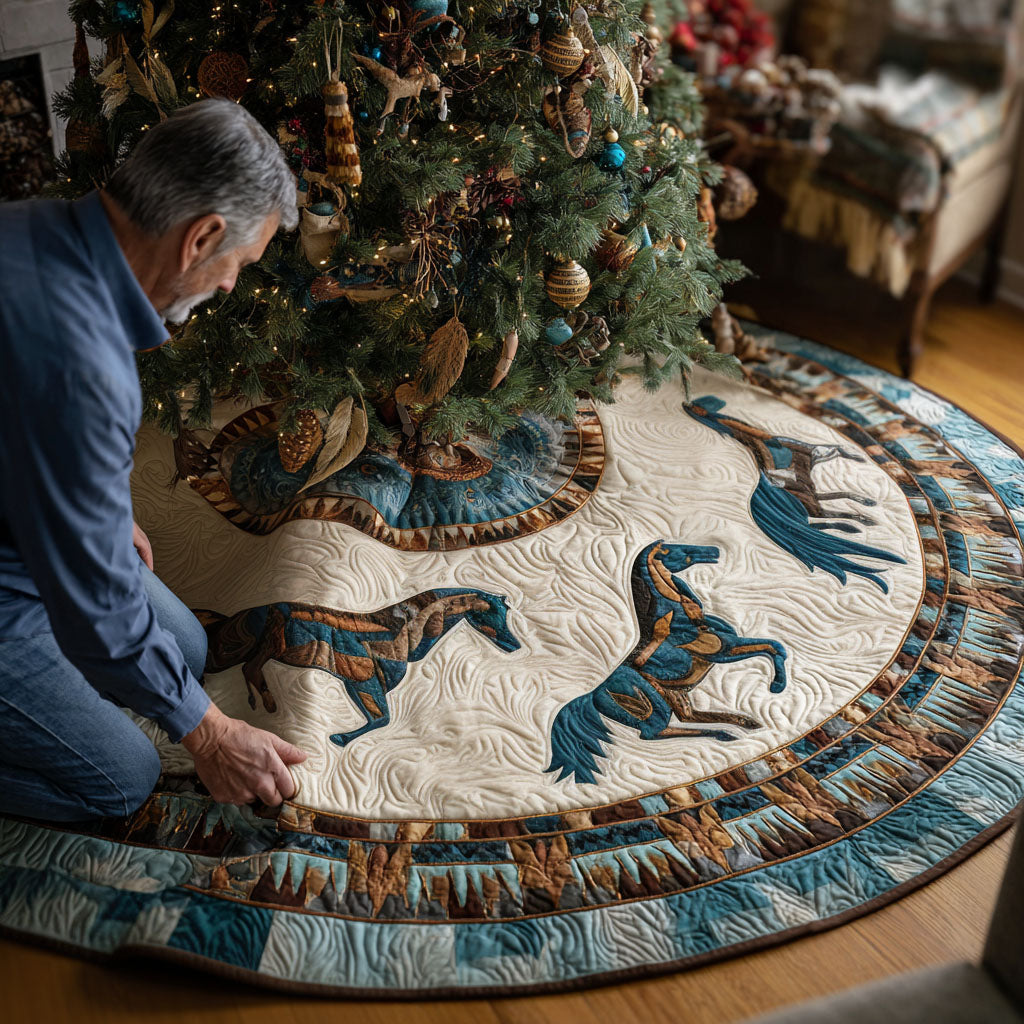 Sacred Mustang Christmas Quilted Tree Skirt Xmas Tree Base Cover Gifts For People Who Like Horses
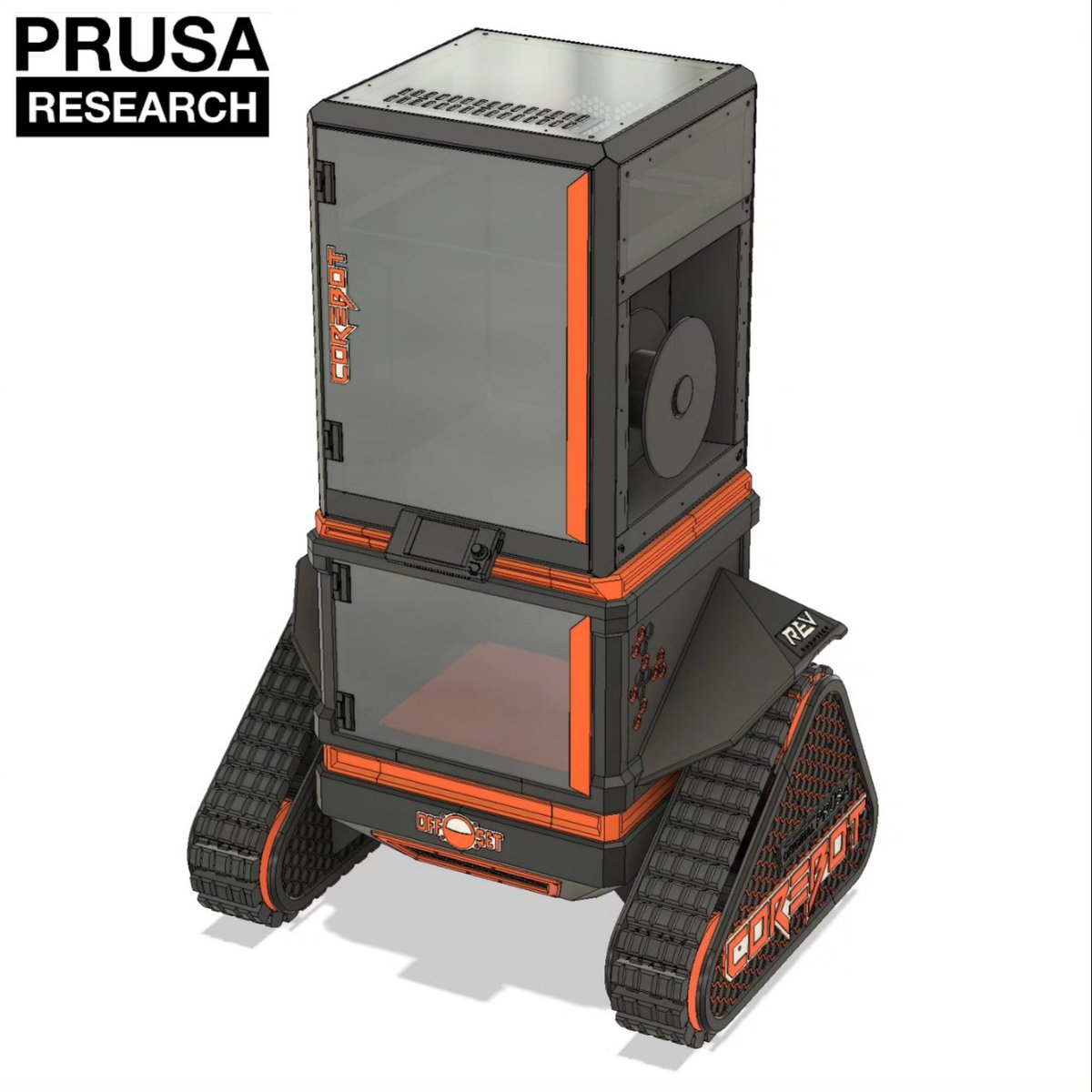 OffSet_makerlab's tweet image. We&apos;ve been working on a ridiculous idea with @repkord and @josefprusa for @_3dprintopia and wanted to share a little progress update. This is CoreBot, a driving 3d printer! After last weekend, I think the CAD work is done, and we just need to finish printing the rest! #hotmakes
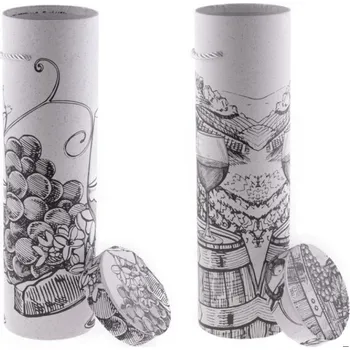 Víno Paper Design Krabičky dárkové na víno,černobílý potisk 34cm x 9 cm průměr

THE PROBLEM = Ignoring the pictures, write out word for word the lines from the line containing "OffSet_makerlab's tweet image." through the end of the material above.

FINISHED TASK =
 OffSet_makerlab's tweet image. We&apos;ve been working on a ridiculous idea with @repkord and @josefprusa for @_3dprintopia and wanted to share a little progress update. This is CoreBot, a driving 3d printer! After last weekend, I think the CAD work is done, and we just need to finish printing the rest! #hotmakes
 Víno Paper Design Krabičky dárkové na víno,černobílý potisk 34cm x 9 cm průměr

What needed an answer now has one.